I am suspecting it could be some modifications to libraries that I've updated, not to mention in the meanwhile I've updated to GHC 7.6 from 7.4 (and if anybody knows if some laziness behavior has changed I would greatly appreciate it!).
I have an older executable of this code that does not have this bug and thus I wonder if there are any tools to tell me the library versions I was linking to from before? Like if it can figure out the symbols, etc.

GHC creates executables, which are notoriously hard to understand... On my Linux box I can view the assembly code by typing in
objdump -d <executable filename>
but I get back over 100K lines of code from just a simple "Hello, World!" program written in Haskell.
If you happen to have the GHC .hi files, you can get some information about the executable by typing in
ghc --show-iface <hi filename>
This won't give you the assembly code, but you can get some extra information that may prove useful.
As I mentioned in the comment above, on Linux you can use "ldd" to see what C-system libraries you used in the compile, but that is also probably less than useful.
You can try to use a disassembler, but those are generally written to disassemble to C, not anything higher level and certainly not Haskell. That being said, GHC compiles to C as an intermediary (at least it used to; has that changed?), so you might be able to learn something.
Personally I often find view system calls in action much more interesting than viewing pure assembly. On my Linux box, I can view all system calls by running using strace (use Wireshark for the network traffic equivalent):
strace <program executable>
This also will generate a lot of data, so it might only be useful if you know of some specific place where direct real world communication (i.e., changes to a file on the hard disk drive) goes wrong.
In all honesty, you are probably better off just debugging the problem from source, although, depending on the actual problem, some of these techniques may help you pinpoint something.
Most of these tools have Mac and Windows equivalents.

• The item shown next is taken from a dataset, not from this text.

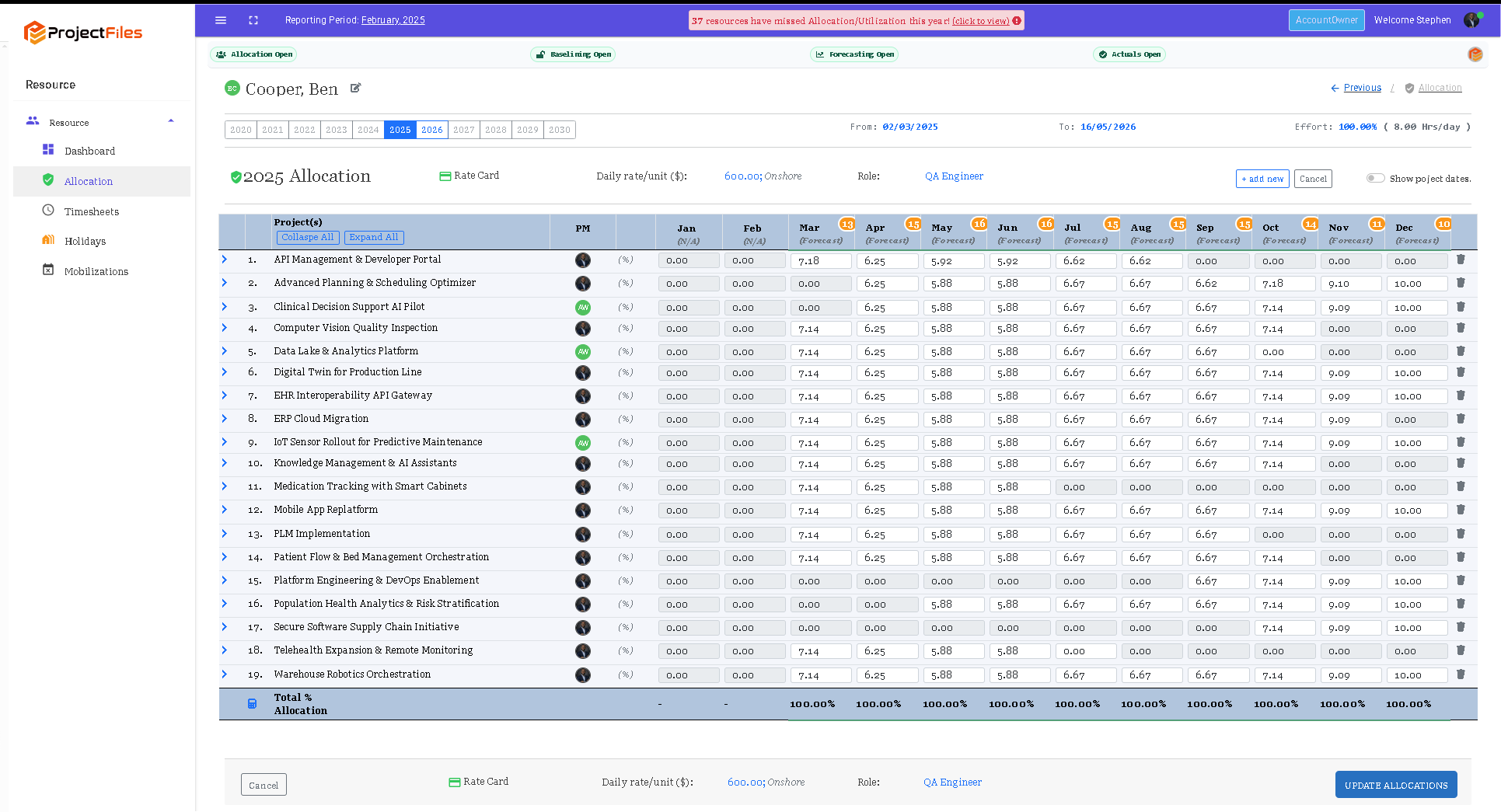 Resource capacity planning across multiple projects showing allocation and remaining availability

Since much has changed in the last 9 years, and apparently this is still the first result a search engine gives on this question (like for me, again), an updated answer is in order:
First of all, yes, while Haskell does not specify a bytecode format, bytecode is also just a kind of machine code, for a virtual machine. So for the rest of the answer I will treat them as the same thing. The “Core“ as well as the LLVM intermediate language, or even WASM could be considered equivalent too.
Secondly, if your old binary is statically linked, then of course, no matter the format your program is in, no symbols will be available to check out. Because that is what linking does. Even with bytecode, and even with just classic static #include in simple languages. So your old binary will be no good, no matter what. And given the optimisations compilers do, a classic decompiler will very likely never be able to figure out what optimised bits used to be partially what libraries. Especially with stream fusion and such “magic”.
Third, you can do the things you asked with a modern Haskell program. But you need to have your binaries compiled with -dynamic and -rdynamic, So not only the C-calling-convention libraries (e.g. .so), and the Haskell libraries, but also the runtime itself is dynamically loaded. That way you end up with a very small binary, consisting of only your actual code, dynamic linking instructions, and the exact data about what libraries and runtime were used to build it. And since the runtime is compiler-dependent, you will know the compiler too. So it would give you everything you need, but only if you compiled it right. (I recommend using such dynamic linking by default in any case as it saves memory.)
The last factor that one might forget, is that even the exact same compiler version might behave vastly differently, depending on what IT was compiled with. (E.g. if somebody put a backdoor in the very first version of GHC, and all GHCs after that were compiled with that first GHC, and nobody ever checked, then that backdoor could still be in the code today, with no traces in any source or libraries whatsoever. … Or for a less extreme case, that version of GHC your old binary was built with might have been compiled with different architecture options, leading to it putting more optimised instructions into the binaries it compiles for unless told to cross-compile.)
Finally, of course, you can profile even compiled binaries, by profiling their system calls. This will give you clues about which part of the code acted differently and how. (E.g. if you notice that your new binary floods the system with some slow system calls where the old one just used a single fast one. A classic OpenGL example would be using fast display lists versus slow direct calls to draw triangles. Or using a different sorting algorithm, or having switched to a different kind of data structure that fits your work load badly and thrashes a lot of memory.)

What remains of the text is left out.